> [Goal of the exercise]
Retype only what runs from the beginning of the data through the line with "Op de afbeelding: Een"; please omit the pictures and keep every line exact.

> [Records provided]
[Start of section]

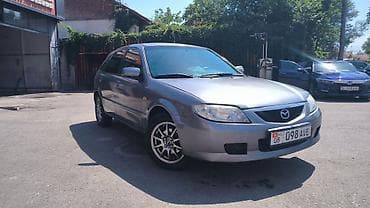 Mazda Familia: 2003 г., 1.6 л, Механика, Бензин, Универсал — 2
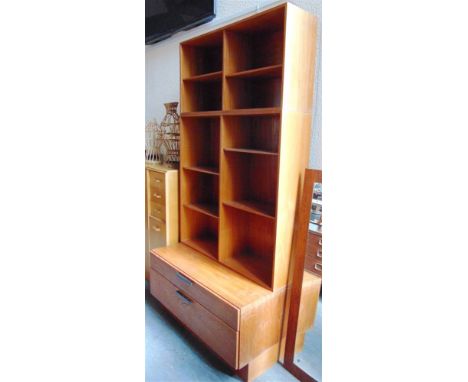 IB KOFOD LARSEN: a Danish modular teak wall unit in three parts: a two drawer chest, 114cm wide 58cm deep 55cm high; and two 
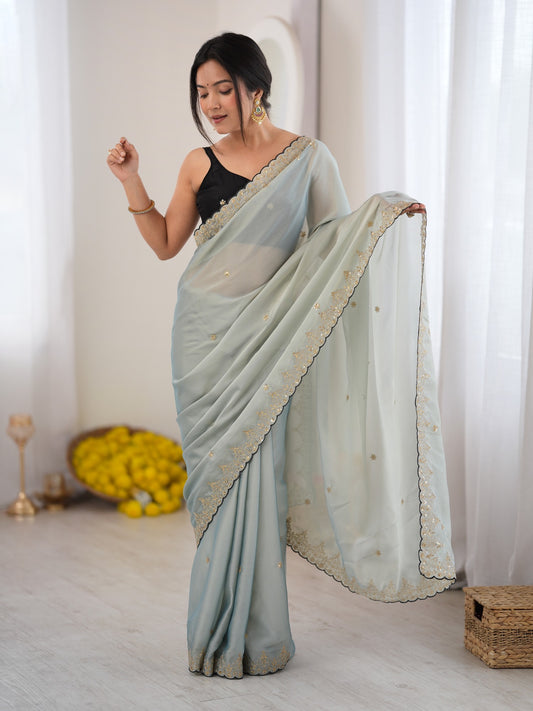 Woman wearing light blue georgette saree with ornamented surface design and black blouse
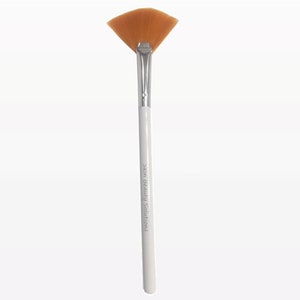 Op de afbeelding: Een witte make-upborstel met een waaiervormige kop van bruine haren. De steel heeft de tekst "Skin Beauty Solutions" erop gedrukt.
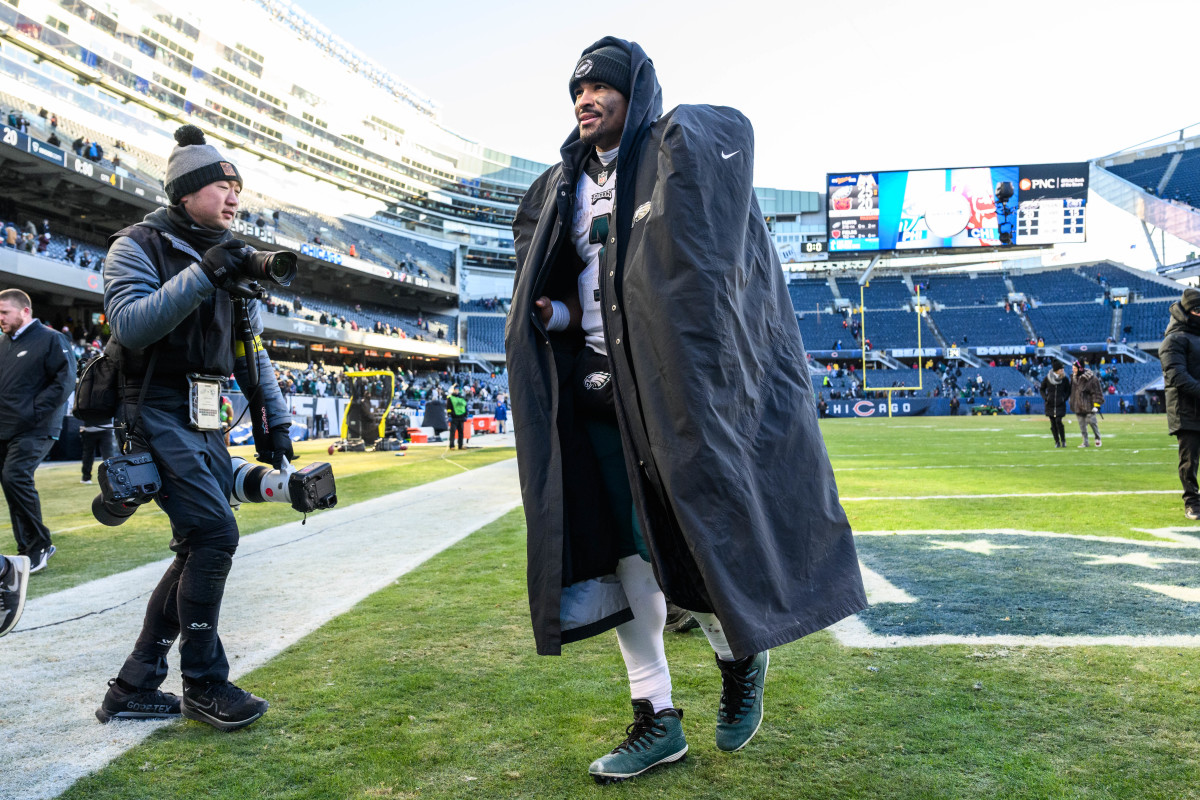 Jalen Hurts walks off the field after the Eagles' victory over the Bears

[End of section]

> [Exercise result]
 Mazda Familia: 2003 г., 1.6 л, Механика, Бензин, Универсал — 2
 IB KOFOD LARSEN: a Danish modular teak wall unit in three parts: a two drawer chest, 114cm wide 58cm deep 55cm high; and two 
 Woman wearing light blue georgette saree with ornamented surface design and black blouse
 Op de afbeelding: Een witte make-upborstel met een waaiervormige kop van bruine haren. De steel heeft de tekst "Skin Beauty Solutions" erop gedrukt.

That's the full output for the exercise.